Once you log in, you can search the three libraries. While they’re vast, filters allow you to search for whatever you’re looking for easily and efficiently. 

Once you find a file that you want, you select a format, then download it to a folder, and it’s ready to use. 

Other features include: 

  • Easy-to-use video templates, which you can customize. 
  • An After Effects tool that allows you to add visual effects and motion graphics in the post-production process. 
  • A Maker tool, which allows you to edit video. 

"You can change out a few elements, add your own text, add your own pictures, and you have a beautiful video,” Dignan said. “This can be a pretty powerful tool to greatly reduce the time it takes to make something.” 

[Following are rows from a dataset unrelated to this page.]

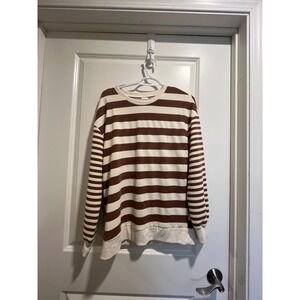 WIHOLL Women's size M Cream and Brown Stripe Long Sleeve Thermal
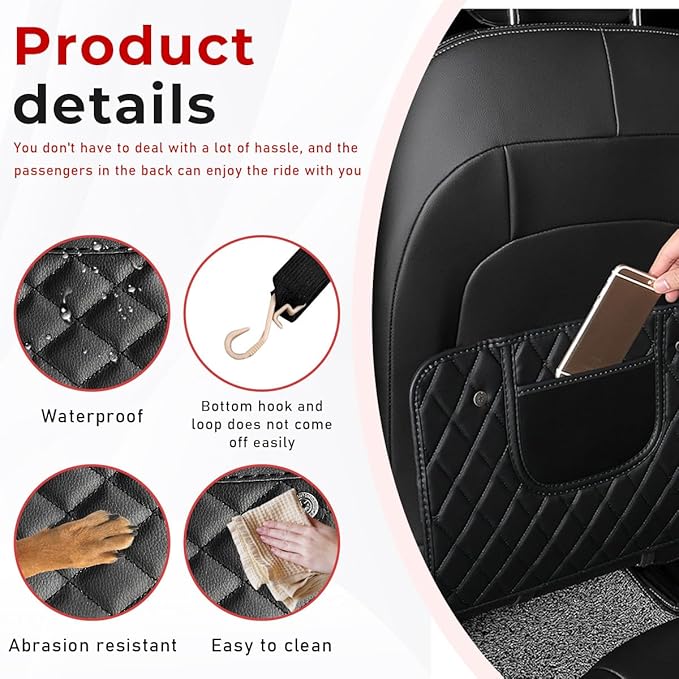 2 PCS Car Kick Mats, Leather Back Seat Protector with Storage Bag, Waterproof Automotive Backseat Cover Pad Prevent Kids Dirt Mud and Scratch, Interior Car Accessories(Black & Black)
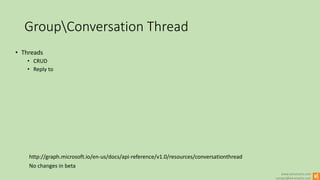 www.winsmarts.com
contact@winsmarts.com
GroupConversation Thread
No changes in beta
• Threads
• CRUD
• Reply to
http://graph.microsoft.io/en-us/docs/api-reference/v1.0/resources/conversationthread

“Units across campus know that videos are an important vehicle for promoting their programs to new students, donors, and really, every stakeholder group,” Wilson added. “But there aren’t very many people across campus whose entire jobs are creating videos. Sometimes it’s an advancement person or faculty member who is tasked with producing a video. Sometimes it’s an office administrator. To give them a single, easy-to-use source for these components, including a Maker tool (for editing), with which to compile and edit them, is going to be really empowering.” 

Now that campus has the subscription, Wilson and Dignan encouraged faculty and staff to make it their go-to resource for stock materials and, if they can, end their other subscriptions when they run out. That’s when the university, as a whole, will realize a cost-savings. 

“It’s on us to prove that it’s worthwhile and that we use it,” Dignan said. “That’s why getting the word out is really important. The idea is to get the most mileage out of it as we can.”